WASHINGTON – The United States and China ended a session of trade talks Friday without an announcement of an agreement, hours after new tariff hikes took effect and President Donald Trump threatened to slap duties on virtually all Chinese imports.
The latest talks were "constructive," Treasury Secretary Steve Mnuchin told reporters, but he did not provide details.
"Talks with China continue in a very congenial manner – there is absolutely no need to rush," Trump said in an early morning series of tweets sent just hours after new tariffs took effect.
Global markets have dropped throughout the week, as investors feared new U.S. tariffs and Chinese retaliatory barriers will raise prices for consumers and slow the global economy. The Dow Jones Industrial Average was down 1% on Friday at midday but trimmed its losses a bit after Mnuchin's statement.
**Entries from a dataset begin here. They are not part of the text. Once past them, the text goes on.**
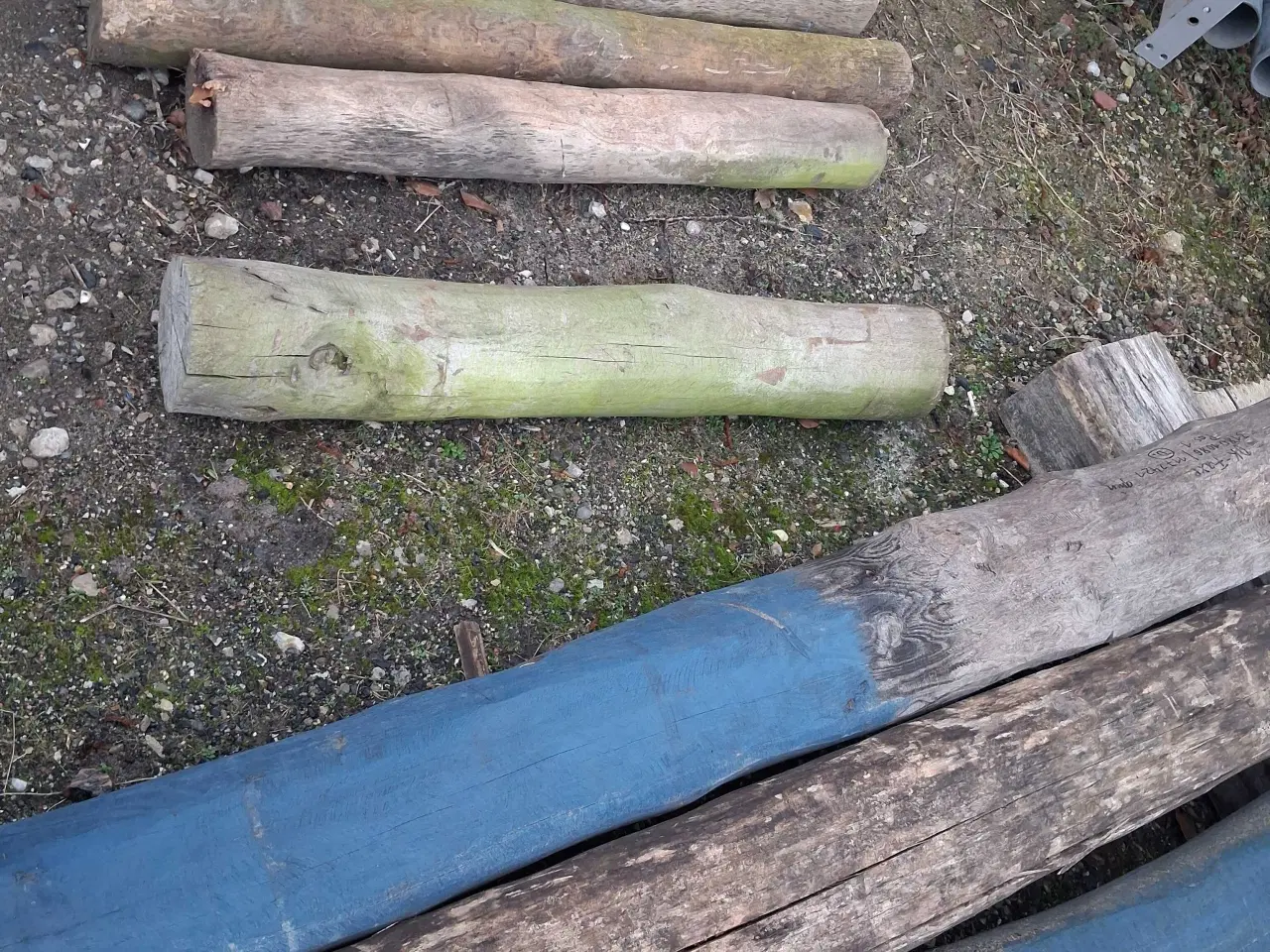 Billede 2 - Robinia stammer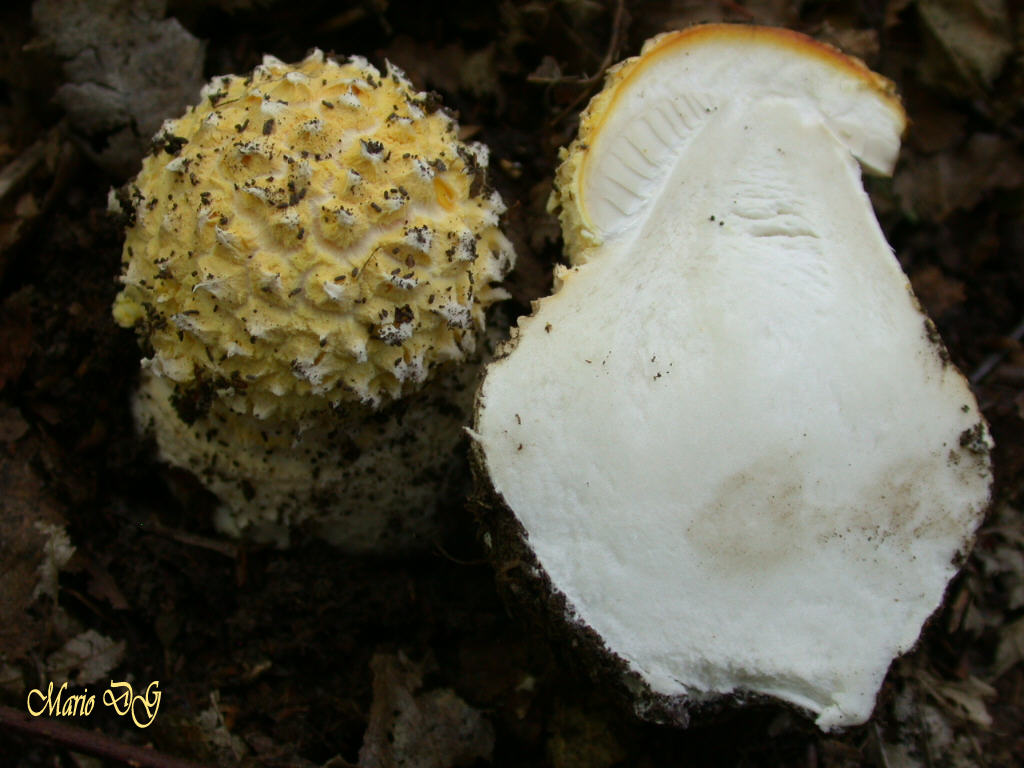Amanita ...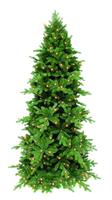 Новогодняя елка Triumph Tree Сосна Изумрудная 500 см 1400 ламп зеленая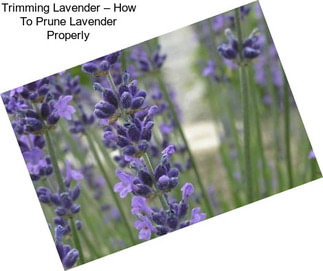Trimming Lavender – How To Prune Lavender Properly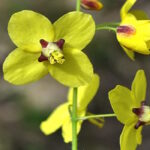 Горянка колхидская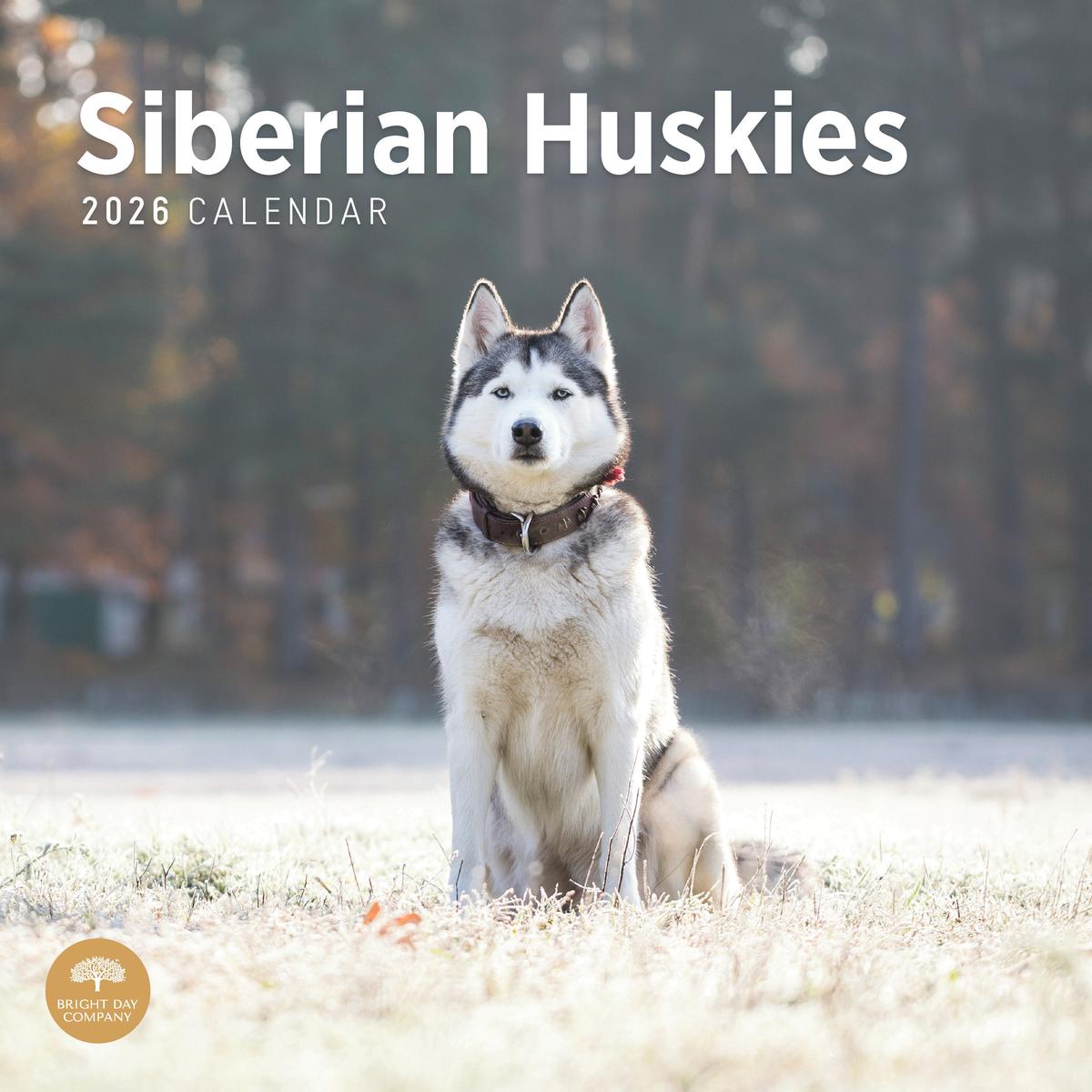 Siberian Husky 2026 Calendar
Liu He, China’s vice premier and top trade negotiator, told reporters at his hotel that the talks went “fairly well.”
After a day of sending mixed signals on the progress with China, Trump caused new jitters for traders when he deleted his Twitter thread in which he said Chinese trade talks were progressing in "a very congenial manner" and that there is "no need to rush" a new agreement. Trump re-posted the message later.
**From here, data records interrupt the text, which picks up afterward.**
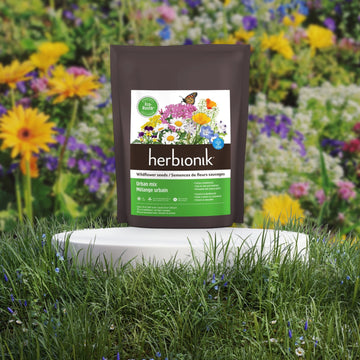 Eco-Rustic Urban 175 g / Flower seed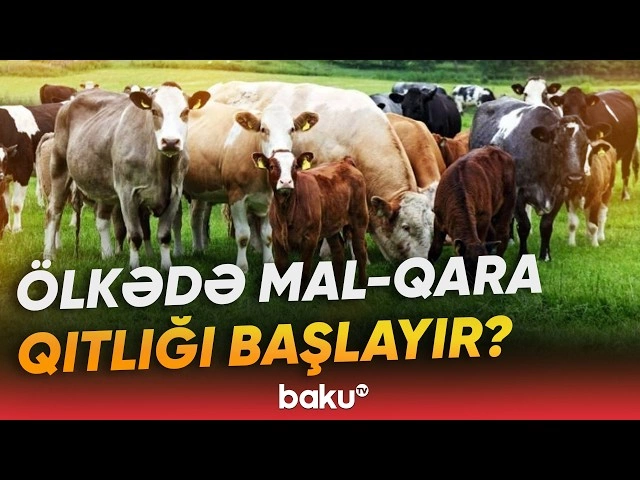 Ət bazarında bahalaşma riski: Heyvanların sayı sürətlə azalır
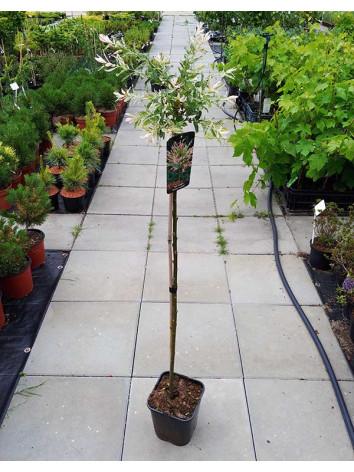 Wierzba całolistna Hakuro Nishiki na pniu 130-150cm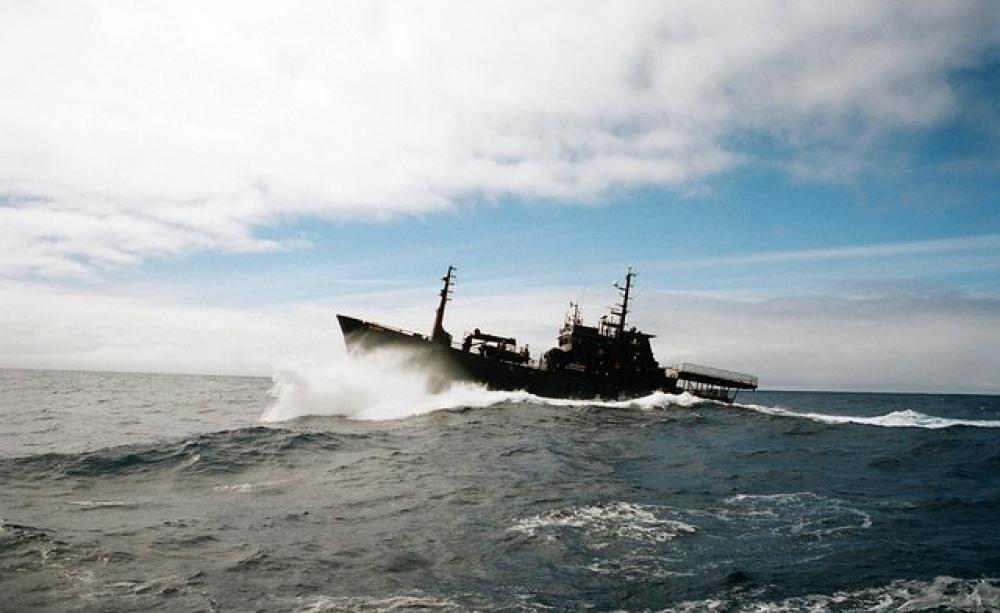 The Sea Shepherd vessel the Bob Barker braving the waves of the Southern Ocean in pursuit of the Japanese whaling ship the Nisshin Maru in 2010. The same boat is now chasing illegal fishing vessels in the same waters. Photo: wietse? via Flickr (CC BY-NS-S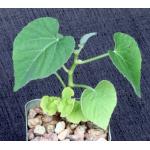 Cissus tuberosa 2-inch pots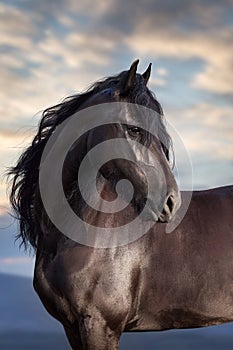 Black frisian horse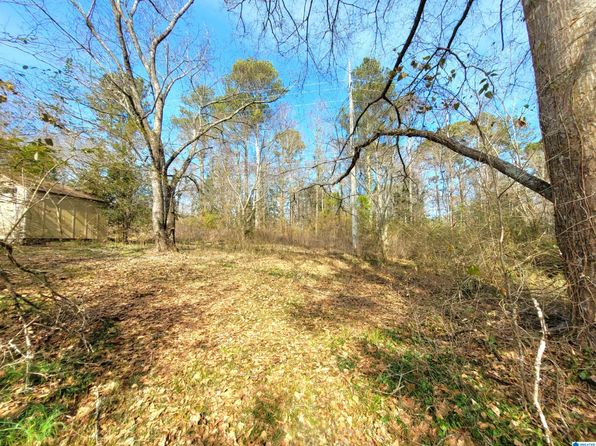 40888 Highway 77, Ashland, AL 36251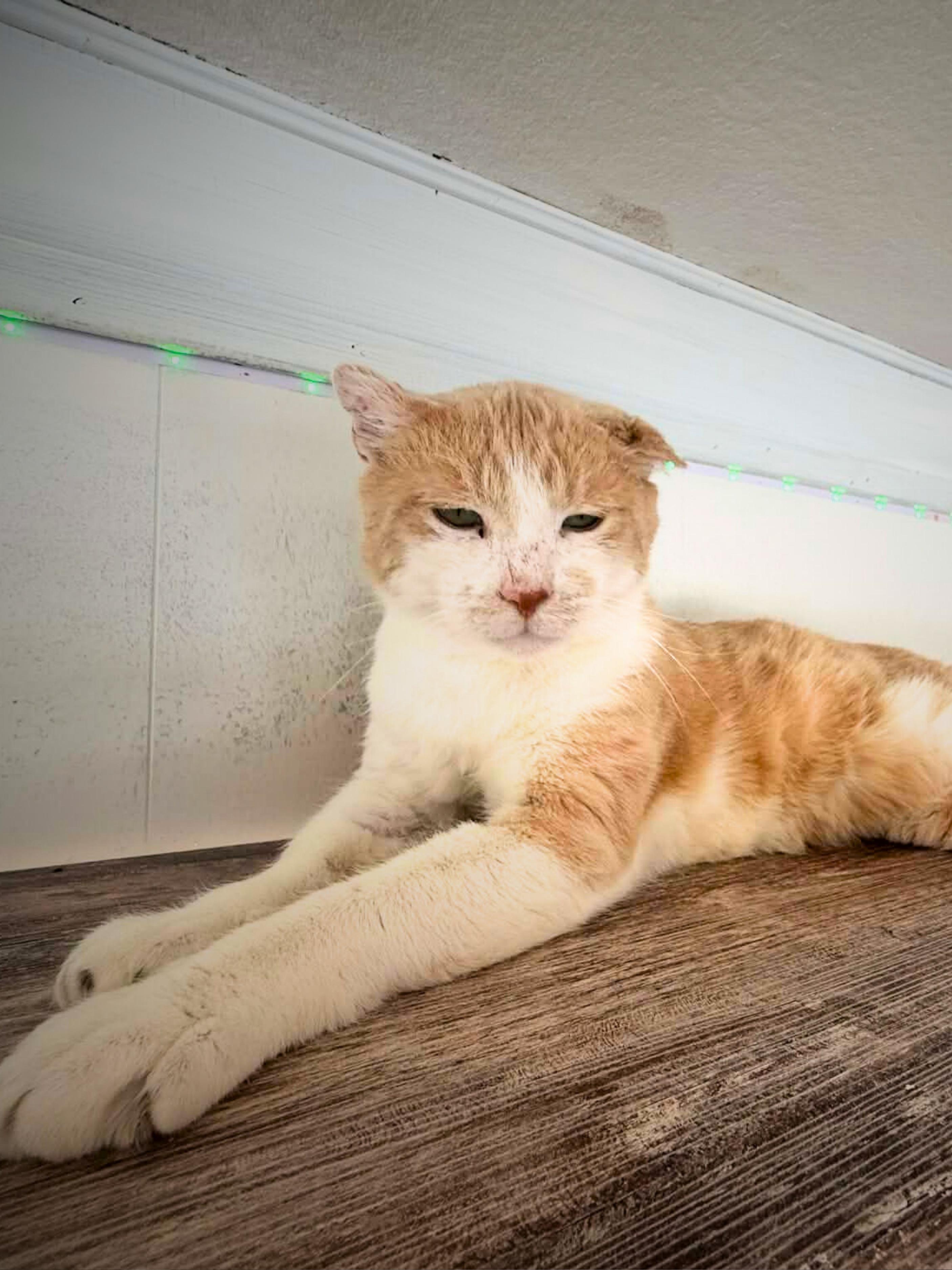 Enlarge Mufasa | Adult | Domestic Shorthair (orange/white), a ADOPTABLE Domestic Short Hair in Royalton, IL image 3/6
While Trump claimed that "tariffs will bring in FAR MORE wealth to our country than even a phenomenal deal of the traditional kind," market analysts noted that China will retaliate by increasing tariffs on U.S. goods.
The results, they said, will be higher prices for consumers, perhaps less trade between the world's two largest economies, and more complicated negotiations on a new trade agreement.
New U.S. tariffs on $200 billion in Chinese goods went into effect at 12:01 a.m. on Friday, after the two sides were unable to nail down the details of a new trade agreement during talks on Thursday.
Rates jumped to 25% from 10% on a massive range of Chinese goods, including office furniture, handbags and frozen catfish fillets.
Trump met Thursday night with Mnuchin and U.S. Trade Representative Robert Lighthizer, and they agreed to "continue discussions" on Friday with the Chinese, the White House said.
Trump expressed both optimism and pessimism about a new trade deal in the run-up to the Friday deadline, which roiled markets as investors tried to parse the president’s words and assess whether he was serious about raising the tariffs.
Trump announced the new tariffs on Sunday on Twitter because he was angry about the pace of the talks and at what he said was China’s attempts at backtracking on several commitments it had made during months of negotiations.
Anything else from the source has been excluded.